WASHINGTON--In the world of faith, the past year was marked by events of 
sweeping religious and spiritual proportions, as masses of humanity 
gathered around the globe to publicly act out rituals of collective 
yearning and grief to a degree rarely, if ever, seen before. 
 
    From the hundreds of thousands of Christian men who gathered in 
Washington to the spontaneous, global grief over the twinned deaths of 
Princess Diana and Mother Teresa, Americans and others appeared gripped in 
an inchoate spiritual revival that transcended traditions and institutions. 
 
    "Once again we have discovered that America is a very religious nation, 
but one less and less tied to historic labels," said David Neff, executive 
editor of "Christianity Today" magazine. "People looked to public rituals 
to help them understand the big questions, which is religion in its purest 
form."  Witness: 
 
    *  In Washington, an estimated half-million Christian men assembled in 
       October on the National Mall to pray and sing praises for more than 
       six hours during the Promise Keepers' "Stand in the Gap" rally -- 
       possibly the largest religious event in U.S. history. 

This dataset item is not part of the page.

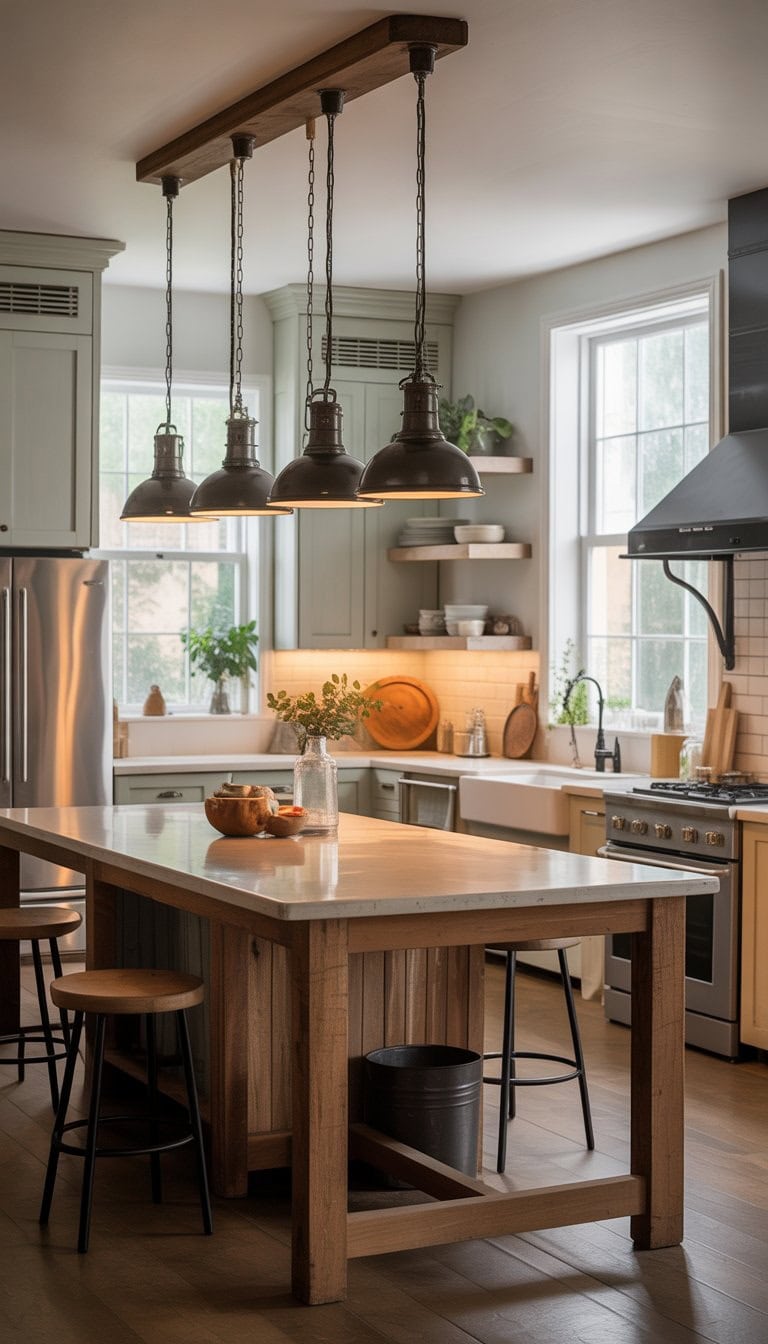 A bright kitchen with a large wooden island, black metal pendant lights hanging above, white cabinets, stainless steel appliances, and hardwood floors.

    *  In London, and in countless cities worldwide, mourners gathered 
       throughout September in public displays of grief over the untimely 
       death of Princess Diana. Millions more watched her funeral 
       broadcasted live from Westminster Abbey. 

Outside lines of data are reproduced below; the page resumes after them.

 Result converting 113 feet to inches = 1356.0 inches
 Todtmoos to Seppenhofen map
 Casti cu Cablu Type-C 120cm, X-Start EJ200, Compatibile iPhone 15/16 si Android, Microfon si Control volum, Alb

    *  In Calcutta, after hundreds of thousands queued up for days to view 
       her lifeless body, Mother Teresa, the tiny Roman Catholic nun who 
       ministered to the world's poor and dying, was laid to rest a week 
       after Diana in a televised state funeral previously reserved for 
       India's most revered and powerful. 
    *  In Paris, nearly 1 million pilgrims belied the skeptics by gathering 
       under a hot August sun to witness Pope John Paul II celebrate 
       outdoor Mass during World Youth Days. 
 
    "There's a growing interest -- almost a revival -- in our culture in 
the religious instinct," said James M. Wall, editor of "The Christian 
Century" magazine. "All of these events illustrate a spiritual hunger and 
yearning that's not always well understood by the popular media." 
 
    However, huge displays of religious expression were not the only 
significant religion stories of 1997. There was also controversy and 
tragedy: 
 
    *  The Rev. Henry Lyons, president of the National Baptist Convention, 
       U.S.A., the nation's largest predominately black denomination, came 
       under fire for possible marital infidelity and misuse of church 
       funds after his wife set fire to a luxury home he co-owned with a 
       female church official.  After a tumultuous national meeting in 
       September, Lyons retained his beleaguered presidency as state and 
       federal officials continue to investigate his finances. 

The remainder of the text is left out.